- Dataset content:
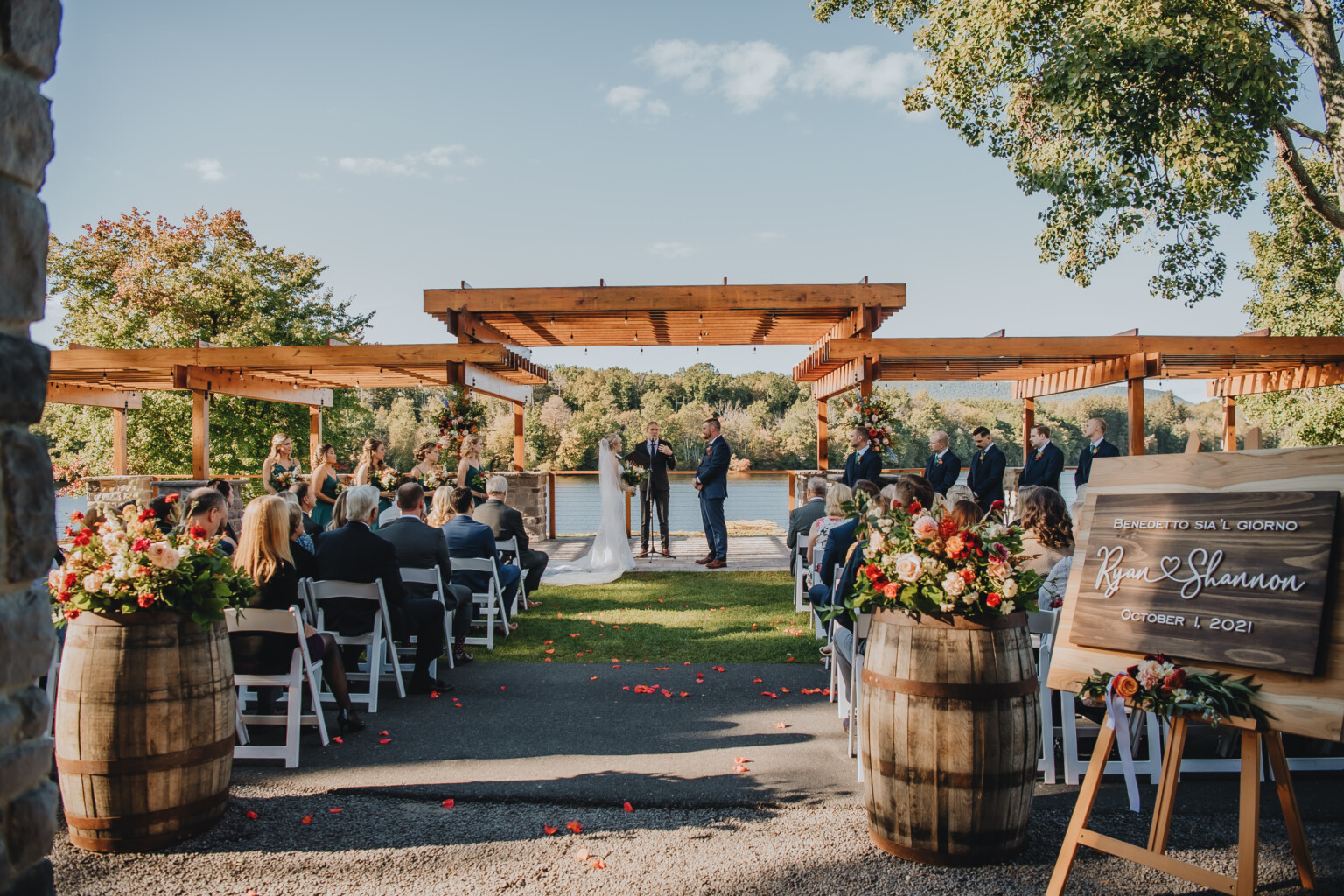 Stone overlook pergola ceremony site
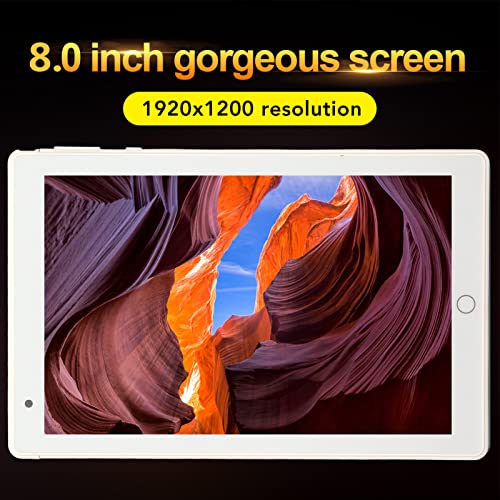 Kufoo HD Tablet, 2.4G WiFi 8in Tablet Silver Rear 8.0 Megapixels Front 2.0 Megapixels for Adults for Travel (US Plug)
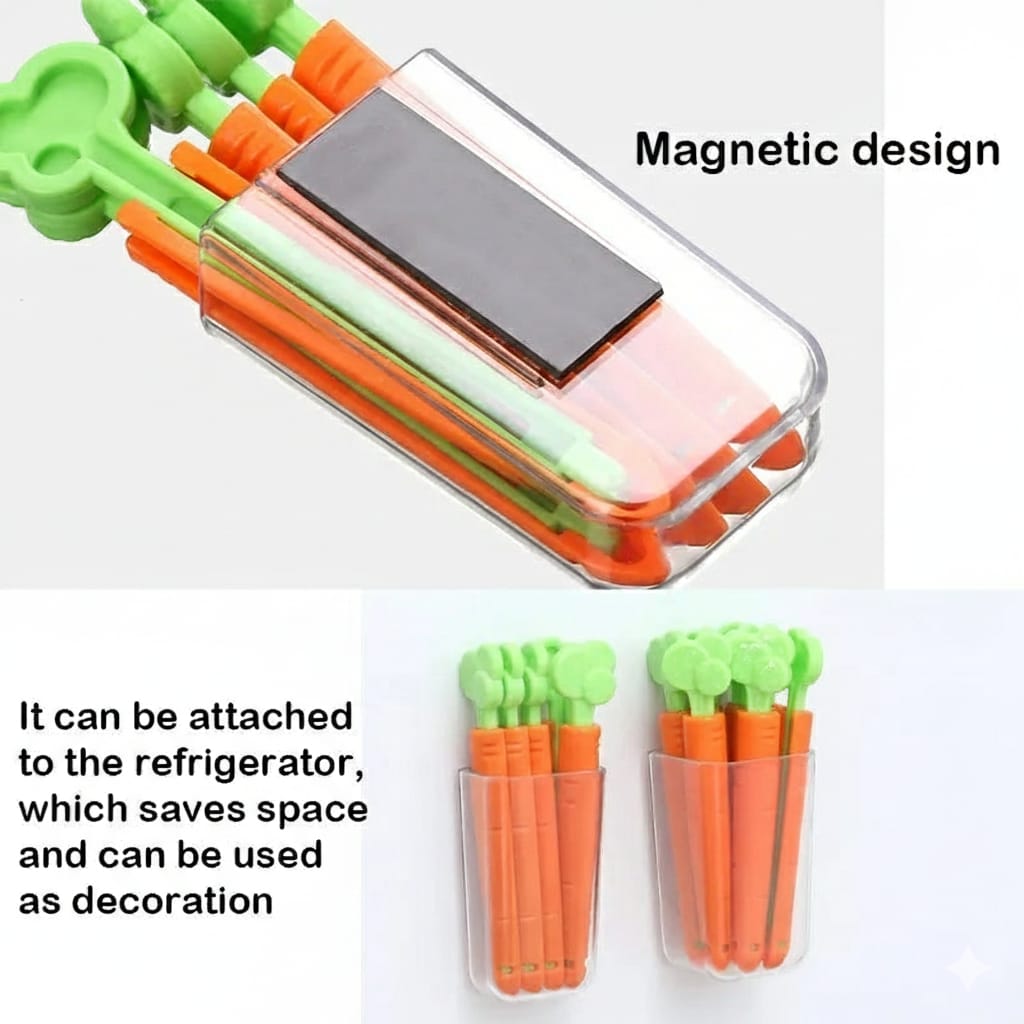 Magnetic Carrot Bag Clips for Food Storage – Set of 6 image 3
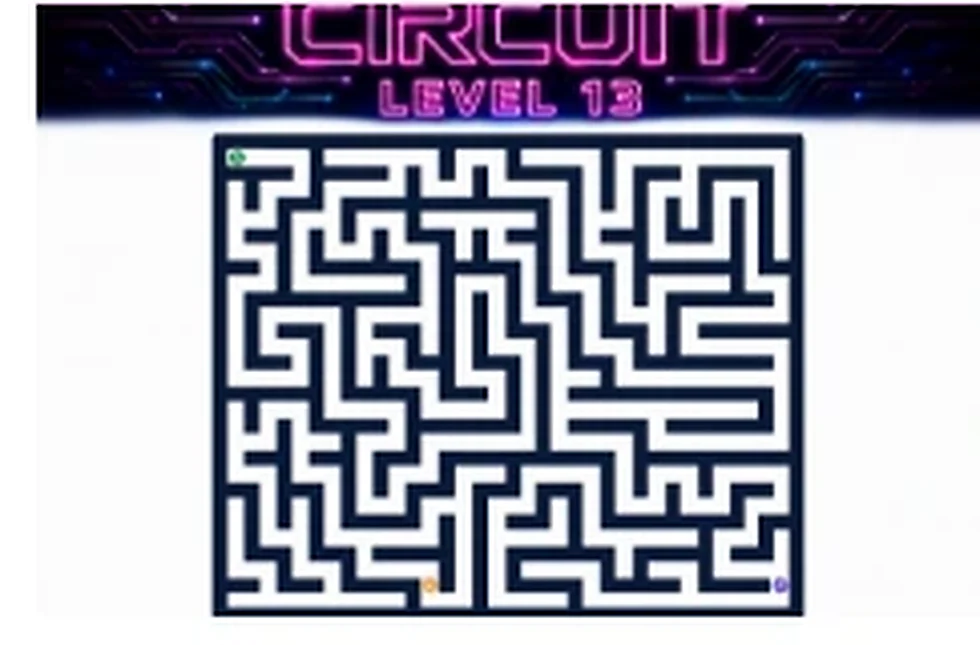 Circuit Level 13 map showing start, key, and portal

- About this exercise: Working from the line that contains "Kufoo HD Tablet, 2.4G" to the last line of the listing, please quote each line exactly, pictures excluded.

- Finished task:
 Kufoo HD Tablet, 2.4G WiFi 8in Tablet Silver Rear 8.0 Megapixels Front 2.0 Megapixels for Adults for Travel (US Plug)
 Magnetic Carrot Bag Clips for Food Storage – Set of 6 image 3
 Circuit Level 13 map showing start, key, and portal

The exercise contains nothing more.